Dagli intramontabili anni ‘60 arriva anche Zak Starkey (scritto a volte anche con due K) nato a Londra il 13 settembre 1965 e figlio di Ringo Starr (al secolo Richard Starkey) e Maureen Cox (scompare nel 1994). Il primo drum kit lo riceve in regalo dall’amico di famiglia Keith Moon (!). Dopo una militanza giovanile in alcune band nel giro dei pub locali, il 7 settembre 1985 diventa papà… e nel frattempo continua un’incessante attività come session musician. Tra le collaborazioni ricordiamo Icicle Works , The Waterboys e The Lightning Seeds mentre scioglie il suo gruppo Face. Va in tour con i riformati The Who , si unisce agli Healers di Johnny Marr per l’album ‘Boomslang’ e nel 2004 eccolo dietro le pelli degli Oasis al servizio dei fratelli Gallagher. Recenti le collaborazioni con Paul Weller e Graham Coxon.

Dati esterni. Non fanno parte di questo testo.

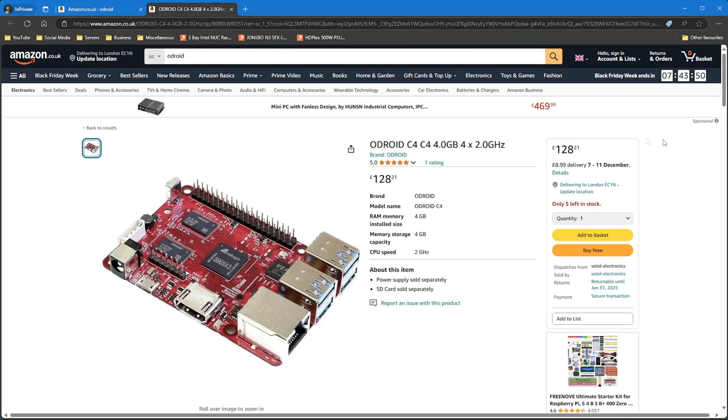Similar to the Raspberry Pi, there is also the Odroid — another SBC. It can be a little bit more expensive, around the £130 mark for the board, factoring in a case etc. Same kind of thing as the Raspberry Pi, with instructions on the Home Assistant website to install it onto that device. It's really just a preference as to which type of device you want to go for.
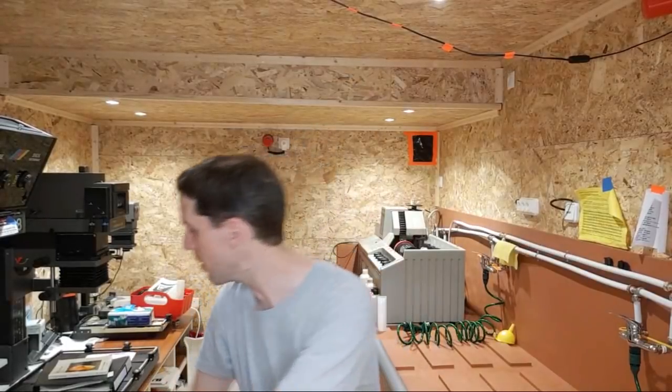As I mentioned, the paper I print on is Ilford Warm Tone, glossy finish, fiber base.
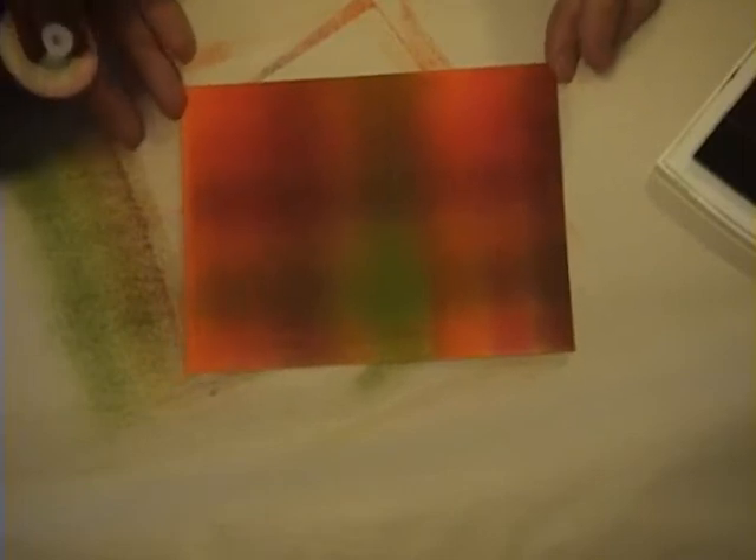Turn it 90 degrees and now go back and brayer it again, but this time brayer it the other way. Keep going — you're not going to be able to see it as well this time, but just keep brayering on the ink until you can start to see the plaid. And there you go — you've created that plaid madras background.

Ricordate Donovan ? Il figliolo si chiama Donovan Leitch Jr (16 agosto 1967), figlio del celebre menestrello scozzese. Il bel piccolo Donnie, fratello dell’attrice Ione Skye , prima che alla musica si dedica al cinema. Qualche serie televisiva e alcuni film assolutamente non memorabili, tra i quali magari spicca “Ho Sparato Ad Andy Warhol” (1996). Leggenda vuole che il ragazzo sia stato concepito nella casa di George Harrison ! Fa parte dei Nancy Boy con un altro figlio d’arte - Jason Nesmith (ex Kill For Thrills con Gilby Clarke e poi nei The Beauties) - il padre è Michael Nesmith dei Monkees. Quindi nel 2003 lo ritroviamo nel progetto Camp Freddy con Dave Navarro, Matt Sorum, Chris Chaney e Billy Morrison.

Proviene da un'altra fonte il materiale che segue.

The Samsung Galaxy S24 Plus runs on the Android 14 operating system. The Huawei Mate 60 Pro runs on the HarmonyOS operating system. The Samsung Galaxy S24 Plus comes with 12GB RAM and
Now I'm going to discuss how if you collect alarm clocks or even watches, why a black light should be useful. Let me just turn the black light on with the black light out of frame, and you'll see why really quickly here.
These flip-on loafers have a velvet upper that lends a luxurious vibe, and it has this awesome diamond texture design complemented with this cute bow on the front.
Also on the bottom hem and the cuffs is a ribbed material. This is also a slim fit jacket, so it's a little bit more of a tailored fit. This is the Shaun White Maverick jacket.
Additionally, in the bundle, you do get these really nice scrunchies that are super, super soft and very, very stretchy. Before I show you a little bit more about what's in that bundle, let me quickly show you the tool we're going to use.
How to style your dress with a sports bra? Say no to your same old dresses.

E chiudiamo proprio con l’appena citato Iniziamo da Jason Nesmith (7 agosto 1968) terzo di quattro figli, avuti dal chitarrista Robert Michael Nesmith , meglio noto come membro della TV band dei Monkees (insomma quelli assemblati in studio che a mala pena sapevano suonare… bla bla… previa essere riconsiderati 40 anni dopo… bla bla…). Jason inizia come attore, è del 1981 la sua partecipazione a “The Man Who Saw Tomorrow”, dove tredicenne interpreta un giovane Nostradamus (la voce narrante del film è di Orson Welles ). Altri ruoli in musical di grido e quindi il diploma alla celebre Berklee School di Boston (18 anni). La sua prima esperienza è nei Kill For Thrills di Gilby Clarke (ex Candy e quindi Guns N’Roses), un EP ed un album discreto, in linea con il sound stile Ted Nugent. In seguito fonda i The Beauties - un album omonimo (lo posseggo se siete interessati) - di suadente alternative rock. Con il già analizzato Donovan Leitch, forma poi i Nancy Boy , tre album prima che Jason lasci per tornare a Los Angeles ed iniziare la carriera solista. Due album, un “lavoro” per la A&M come direttore musicale e qualche show con la Marc Ford Band (ex Black Crowes).